Clark criticizes the development of HTML is proceeding in the wrong direction. The W3C have to work on far more important sites, such as the controversial scene in the WCAG 2.0 standard.

Shane McCarron, who is responsible as an editor for numerous XHTML specifications, suggested that HTML will develop, because the major browser makers the challenge lies in the implementation of the Semantic Web, are not grown. He concludes that the W3C had abandoned the goal of an XML -based ecosystem to print these manufacturers.

Criticism of the development process of HTML5

Sole write permission by Ian Hickson

Through this commitment Hickson grew into the role of " benevolent dictator ". He alone has the right to edit for the HTML5 draft and for many decisions affecting the specification solely responsible.

This approach is hardly that of the W3C, whose specifications are based on democratic consensus. Therefore, many Web authors ask, for example, Kyle Weems, whether the purpose of ( a functional specification ) justifies the means ( consistent, non-democratic formation that specification). The answer is left open.

Lack of seriousness for internal proposals

Mathias Schäfer, web developer and co-author of various documentation ( for example SELFHTML ), criticized the lack of objectivity in the discussion of HTML5 during formation. Using the example of the " Distributed Extensibility " (extension of the HTML vocabulary to proprietary or private, such as company internal elements ), he shows that proposals will not be taken seriously, although Shepherd thinks that just might HTML5 lead to success this procedure.

Criticism of the WHATWG

The WHATWG itself is criticized because it still carries on its website as a specification HTML5. In fact, however, it is not about HTML5, but - according to own data - the next generation of HTML. So, although the design includes the current state of HTML5, but extends it with new, more immature features.
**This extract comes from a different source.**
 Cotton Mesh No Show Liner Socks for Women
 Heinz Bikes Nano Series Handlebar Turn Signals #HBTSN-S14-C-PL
In addition, the WHATWG draft has a few differences from the version of the W3C. The problem are differences in the normative clauses, as here, the W3C defines the standard but browser vendors to follow generally the WHATWG draft.

Audio and video elements

To include audio or video data defines the elements of HTML5 audio and video. However, since no format is defined, which must be supported as a minimum standard, there are currently no format that is supported by all browsers.

(Which, without having to pay royalties, can be used and originally defined as a minimum standard were ), H.264 (which offers better quality, but used only against payment of fees for discussion were in the past, among other things, Ogg Vorbis and Theora are can ) and WebM.

Digital rights management

Companies like Google, Microsoft and Netflix have addressed to the W3C the wish that a so-called Encrypted Media Extension ( EME) encrypted media content can be output via HTML5. Critics fear that is integrated by this backdoor Digital Rights Management ( DRM) in each browser.